- _EXERCISE OBJECTIVE_: Find the line with "142 Colonial Dr, Mecca, OH 44410-1106" in the entries below, then reproduce it and every line after it down to and including the line with "Marint flygplan Avro", exactly.
━━━━━ INFORMATION PROVIDED ━━━━━
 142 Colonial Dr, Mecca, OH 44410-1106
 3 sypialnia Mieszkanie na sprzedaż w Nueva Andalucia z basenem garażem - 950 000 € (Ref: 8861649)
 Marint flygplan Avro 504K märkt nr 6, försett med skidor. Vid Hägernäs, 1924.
━━━━━
━━━━━ INFORMATION PROVIDED ━━━━━
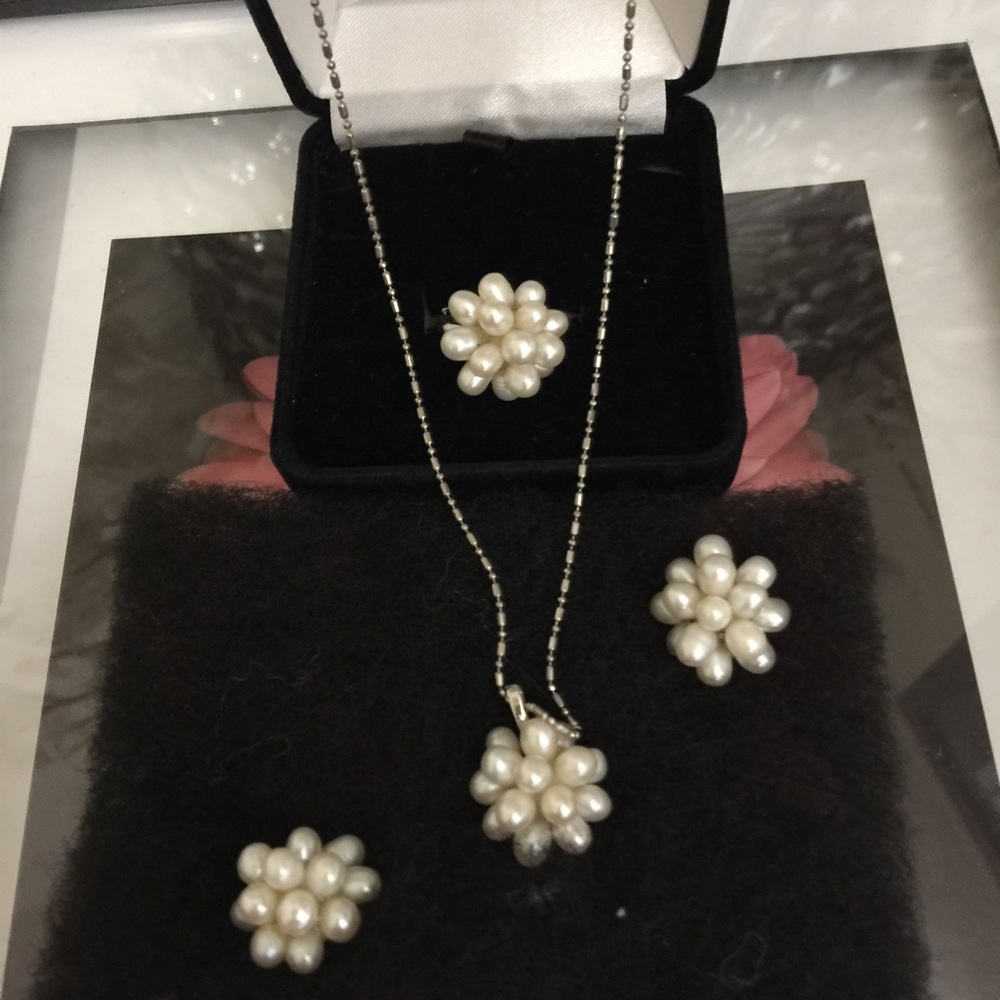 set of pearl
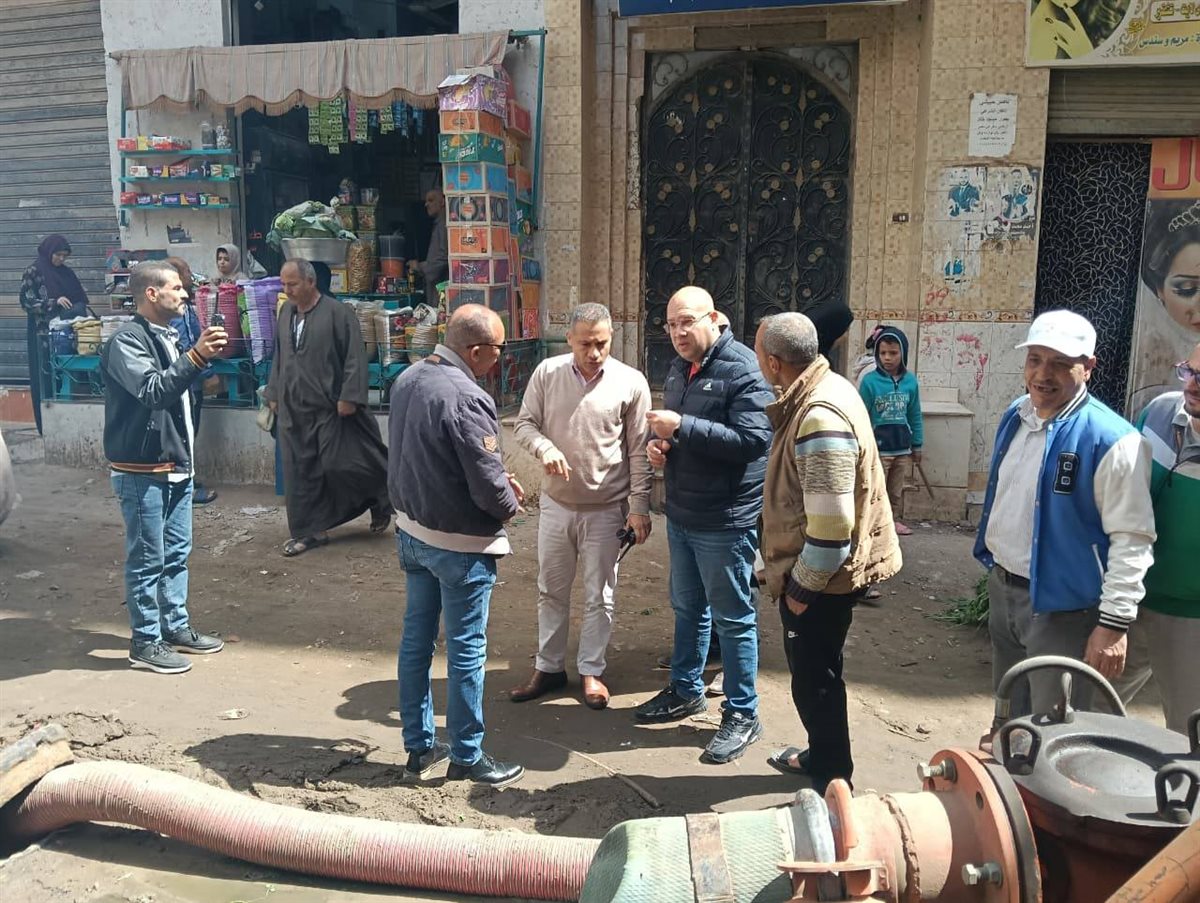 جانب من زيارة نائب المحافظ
━━━━━
━━━━━ INFORMATION PROVIDED ━━━━━
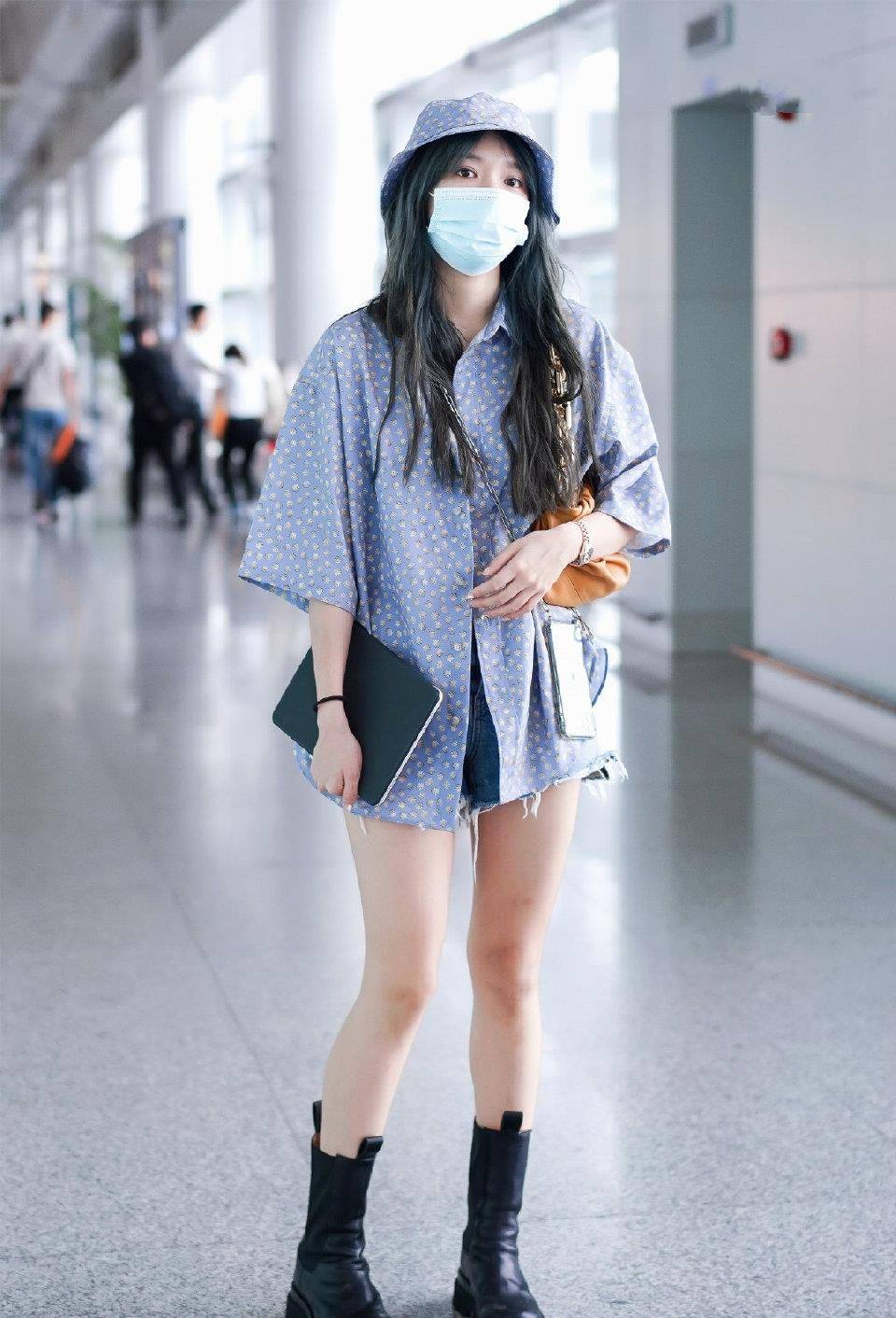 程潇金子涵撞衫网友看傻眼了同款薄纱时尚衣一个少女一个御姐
━━━━━
- _WORKED SOLUTION_:
 142 Colonial Dr, Mecca, OH 44410-1106
 3 sypialnia Mieszkanie na sprzedaż w Nueva Andalucia z basenem garażem - 950 000 € (Ref: 8861649)
 Marint flygplan Avro 504K märkt nr 6, försett med skidor. Vid Hägernäs, 1924.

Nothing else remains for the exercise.